The amplitude (Y-axis) is limited to 80 N in order to better identify low intensity amplitudes. The spindle speed-dependent excitation frequency 20 Hz (1200 RPM) and its higher harmonics can be identified. The parameter difference between the samples is a 0.1-mm increase in plunge depth, avoiding the void defect formation found in a). The amplitude below the excitation frequency gives no indication towards the defect formation. The frequency bands 100–1000 Hz and 1000–10,000 Hz were examined for all three spatial directions and no clear correlation between increased or decreased oscillation intensity and weld seam features could be found. This includes careful examinations of increased intensity around frequencies close to the identified natural frequencies of the machine and testing setup.

As the analysis of the frequency domain yielded no expedient results, investigations were continued in the time domain, examining dynamic process force components based on prior publications and research. According to [8], a correlation between the mean average lateral force (Y-axis) and void defect formation exists. The influence of the lateral force shift towards the advancing side is examined in Table 3 for welds performed with the stated parameters using tool 1.

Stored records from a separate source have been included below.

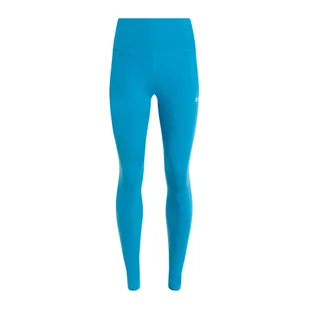 Legginsy treningowe damskie Under Armour Motion - Legginsy - miniaturka - grafika 1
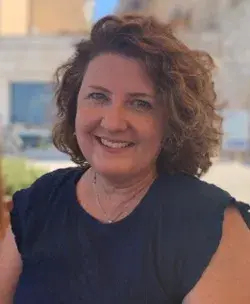 Picture of Amy Borie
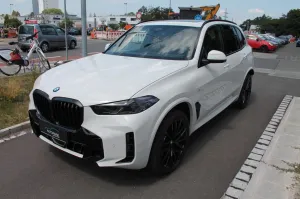 BMW X5 30 d xDrive M Sport Pro/22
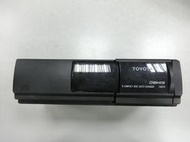 【煌達汽車】正廠 TOYOTA  CD換片箱 原廠 國際牌 panasonic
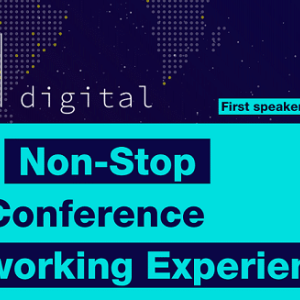BlockConf Digital, Content-Driven Online Blockchain Conference of a New Format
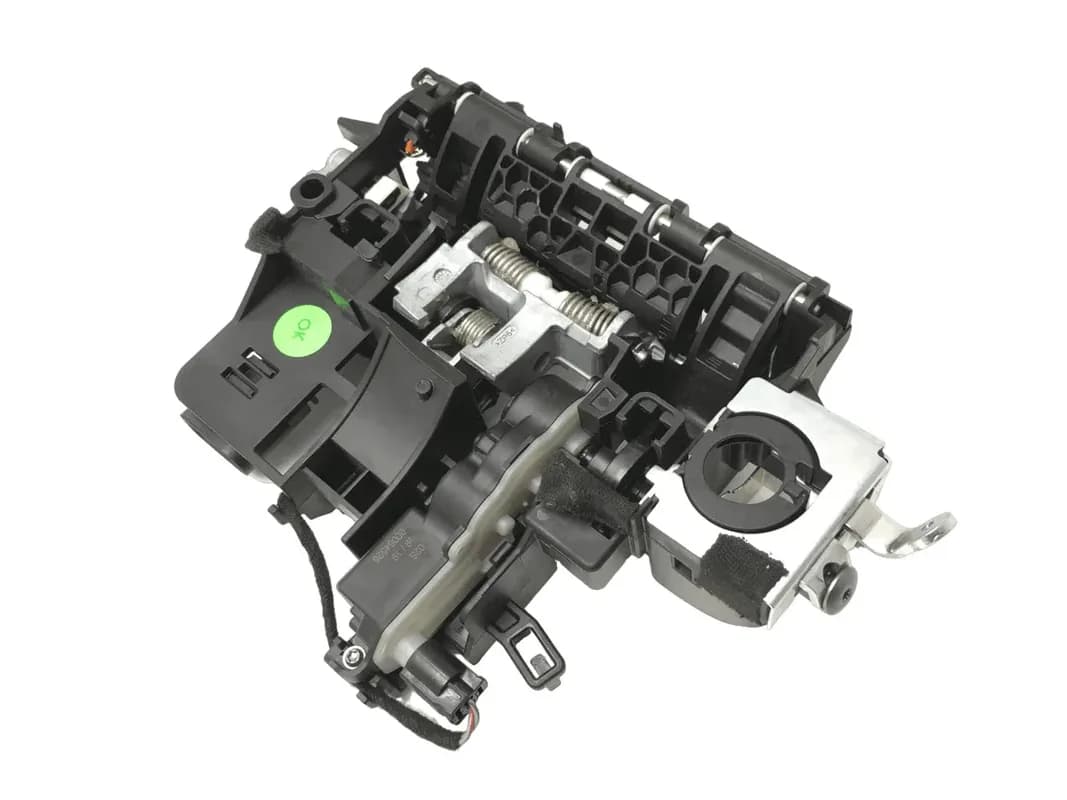 Cerradura izq Porsche 911 992800375F - Foto 1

Table 3 Influence of average lateral force on void defect formation

Over the range of tested parameters, no correlation of mean average lateral force and void defect formation can be found. The average lateral force generally inversely correlates with specific energy input [J/mm] but shows no significant variation during defect formation. The lateral force amplitude cannot be used to identify void defects either as it does not correlate with any given parameters. It can be used as an indicator for excessive flash, as with increasing flash the amplitude drops by up to 30%.

[2] graphed the axial force over spindle torque to identify weld seam features. Smooth, uniform graphs indicate sound welds, whereas scattered plots indicate defects. Based on this approach, the force graphs of all welds performed during the investigation were mapped for the three possible force combinations. Figure 7 shows exemplary graphs for two samples. In the graphs, 0.5 s of data are mapped and the uniformity of the graphs corresponds well with weld quality.

Fig. 7
figure 7

Graphed force relationships, red (Fx⬌Fy), yellow (Fz⬌Fy), and blue (Fz⬌Fx) for a sample with void defect (46) and a sound weld (48)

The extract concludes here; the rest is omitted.